I've been trying to take some simple functions and convert them to point-free style for practice. I started with something like this:

zipSorted x y = (zip . sort) y $ sort x --zipSorted(x, y) = zip(sort(y), sort(x))

and eventually converted it to

zipSorted = flip (zip . sort) . sort

(I'm not sure if this is even the best way to do it but it works)

Now I'm trying to further reduce this expression by not having it depend on zip and sort at all. In other words, I'm looking for this function: (I think its a combinator if my vocabulary isn't mistaken)

P(f, g, x, y) = f(g(y), g(x))

The fact that sort is present twice but only passed in once hinted to me that I should use the applicative functor operator <*> but I can't figure out how for some reason.

From my understanding, (f <*> g)(x) = f(x, g(x)), so I've tried re-writing the first point-free expression in this form:

flip (zip . sort) . sort
(.) (flip $ zip . sort) sort
(flip (.)) sort $ flip (zip . sort)
(flip (.)) sort $ flip $ (zip .) sort

It seems that sort should be x, (flip (.)) should be f, and flip . (zip .) should be g.

p = (flip (.)) <*> (flip . (zip .))
p sort [2, 1, 3] [4, 1, 5]

yields [(1, 1), (4, 2), (5, 3)] as expected, but now I'm lost on how to pull the zip out. I've tried

p = (flip (.)) <*> (flip . (.))
p zip sort [2, 1, 3] [4, 1, 5]

but this doesn't work. Is there a way to convert that expression to a combinator that factors out zip?

Answer 1

Let's start from the beginning:

zipSort x y = zip (sort y) (sort x)

It's slightly weird that it uses its arguments in the opposite order, but we can fix that later with flip.
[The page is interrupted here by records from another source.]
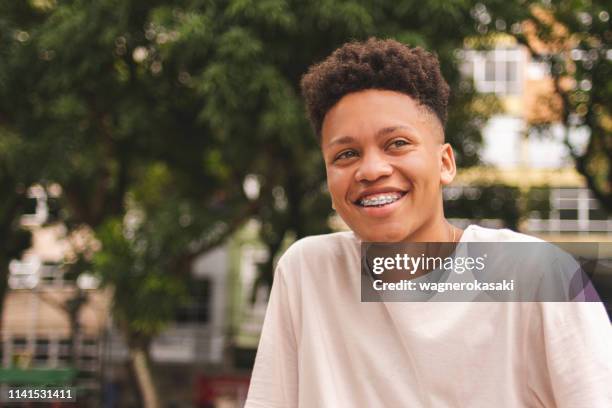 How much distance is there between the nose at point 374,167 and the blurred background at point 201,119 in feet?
9.58

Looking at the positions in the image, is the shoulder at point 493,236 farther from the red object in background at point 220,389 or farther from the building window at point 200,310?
the building window at point 200,310

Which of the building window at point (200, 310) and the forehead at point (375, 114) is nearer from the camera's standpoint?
the forehead at point (375, 114)

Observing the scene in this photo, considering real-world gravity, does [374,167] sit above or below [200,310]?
above

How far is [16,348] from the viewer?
1972 centimetres

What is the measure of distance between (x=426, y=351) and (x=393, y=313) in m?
0.09

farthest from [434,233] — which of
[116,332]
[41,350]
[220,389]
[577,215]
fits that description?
[577,215]

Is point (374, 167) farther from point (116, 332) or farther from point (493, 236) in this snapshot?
point (116, 332)

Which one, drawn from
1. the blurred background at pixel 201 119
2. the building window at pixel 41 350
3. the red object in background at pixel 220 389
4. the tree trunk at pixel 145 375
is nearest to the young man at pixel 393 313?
the blurred background at pixel 201 119

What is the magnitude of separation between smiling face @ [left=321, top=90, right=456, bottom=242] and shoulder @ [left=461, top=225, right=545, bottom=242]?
2.7 inches

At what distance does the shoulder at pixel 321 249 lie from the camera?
1.34 m

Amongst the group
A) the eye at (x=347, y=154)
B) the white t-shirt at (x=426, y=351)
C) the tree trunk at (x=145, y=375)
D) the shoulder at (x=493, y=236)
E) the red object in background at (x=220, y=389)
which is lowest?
the red object in background at (x=220, y=389)

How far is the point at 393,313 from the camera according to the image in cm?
118

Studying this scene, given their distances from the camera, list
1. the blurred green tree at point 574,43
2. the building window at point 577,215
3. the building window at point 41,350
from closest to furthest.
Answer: the blurred green tree at point 574,43 → the building window at point 41,350 → the building window at point 577,215

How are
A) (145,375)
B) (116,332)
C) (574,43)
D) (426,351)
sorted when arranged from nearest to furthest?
1. (426,351)
2. (574,43)
3. (145,375)
4. (116,332) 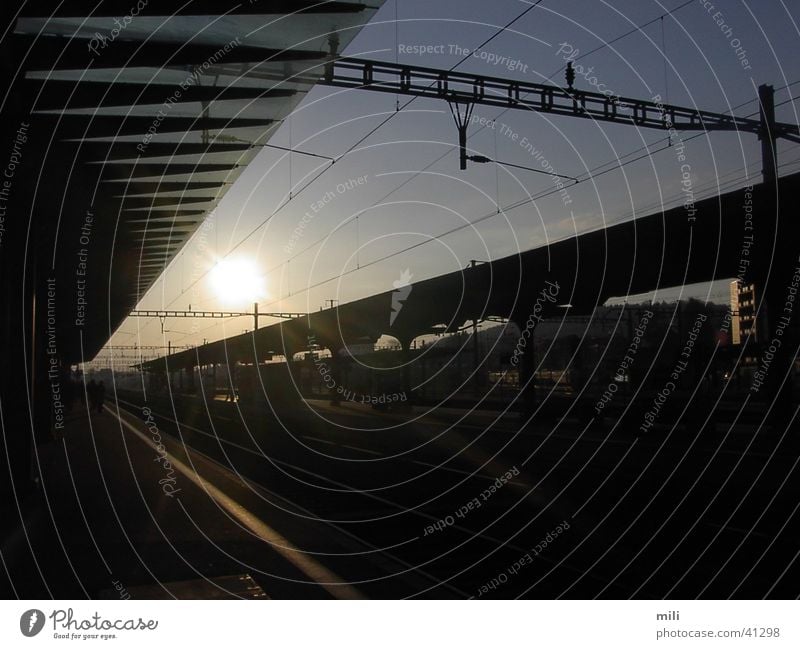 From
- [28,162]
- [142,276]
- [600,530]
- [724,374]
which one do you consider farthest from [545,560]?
[724,374]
Here we have a general pattern of a "combining" function of two arguments (here: zip) being passed two values transformed by another function. If we had the same base argument but different transformers, this would have been a liftA2 pattern:

  c (f x) (g x)
==
  liftA2 c f g x

But here it's the opposite: We have the same transform function on both sides (here: sort), but different arguments (x and y). That's on:

  c (f x) (f y)
==
  (c `on` f) x y

In your case we get:

zip (sort y) (sort x)
(zip `on` sort) y x
flip (zip `on` sort) x y

So

zipSort = flip (zip `on` sort)  -- or: flip (on zip sort)
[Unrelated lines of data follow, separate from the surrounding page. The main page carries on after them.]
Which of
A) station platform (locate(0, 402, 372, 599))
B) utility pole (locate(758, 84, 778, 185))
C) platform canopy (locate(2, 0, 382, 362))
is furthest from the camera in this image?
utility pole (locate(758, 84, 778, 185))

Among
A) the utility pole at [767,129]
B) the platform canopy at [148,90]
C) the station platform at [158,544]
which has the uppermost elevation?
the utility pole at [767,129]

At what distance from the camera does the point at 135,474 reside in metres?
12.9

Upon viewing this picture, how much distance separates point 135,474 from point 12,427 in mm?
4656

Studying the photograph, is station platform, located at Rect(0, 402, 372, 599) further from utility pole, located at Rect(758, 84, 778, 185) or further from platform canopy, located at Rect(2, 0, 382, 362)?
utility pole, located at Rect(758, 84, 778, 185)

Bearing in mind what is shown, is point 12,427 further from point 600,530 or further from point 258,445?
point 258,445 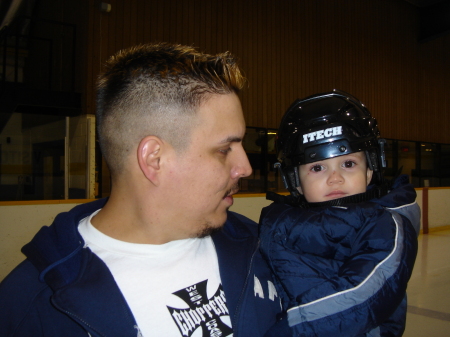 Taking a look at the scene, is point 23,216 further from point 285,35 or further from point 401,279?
point 285,35

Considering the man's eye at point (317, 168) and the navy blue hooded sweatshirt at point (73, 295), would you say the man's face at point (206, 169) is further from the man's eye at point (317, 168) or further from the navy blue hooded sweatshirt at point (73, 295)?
the man's eye at point (317, 168)

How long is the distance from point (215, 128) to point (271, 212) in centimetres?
47

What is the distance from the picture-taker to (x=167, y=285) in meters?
0.99

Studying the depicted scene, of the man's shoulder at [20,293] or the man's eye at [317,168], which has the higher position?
the man's eye at [317,168]

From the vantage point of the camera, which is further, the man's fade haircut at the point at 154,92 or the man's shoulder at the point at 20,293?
the man's fade haircut at the point at 154,92

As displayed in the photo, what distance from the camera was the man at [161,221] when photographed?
3.09 ft

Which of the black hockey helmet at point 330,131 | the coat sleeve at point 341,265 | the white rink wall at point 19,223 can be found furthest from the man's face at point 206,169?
the white rink wall at point 19,223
We can further pull out zip and sort by recognizing the standard two-argument-into-one-argument-function composition:

(\x y -> f (g x y)) == (f .) . g

giving

zipSort = ((flip .) . on) zip sort

Note that this function is less general than the pointful version, however. The original function has type

(Ord a, Ord b) => [a] -> [b] -> [(b, a)]

but the pointfree version has type

(Ord a) => [a] -> [a] -> [(a, a)]

because unifying the two sorts forces them to have the same type.

Answer 2

I just asked lambdabot for the answer, rather than trying to work it out by hand:

<amalloy> @pl \zip sort x y -> (zip . sort) y $ sort x
<lambdabot> join . (((.) . flip) .) . (.)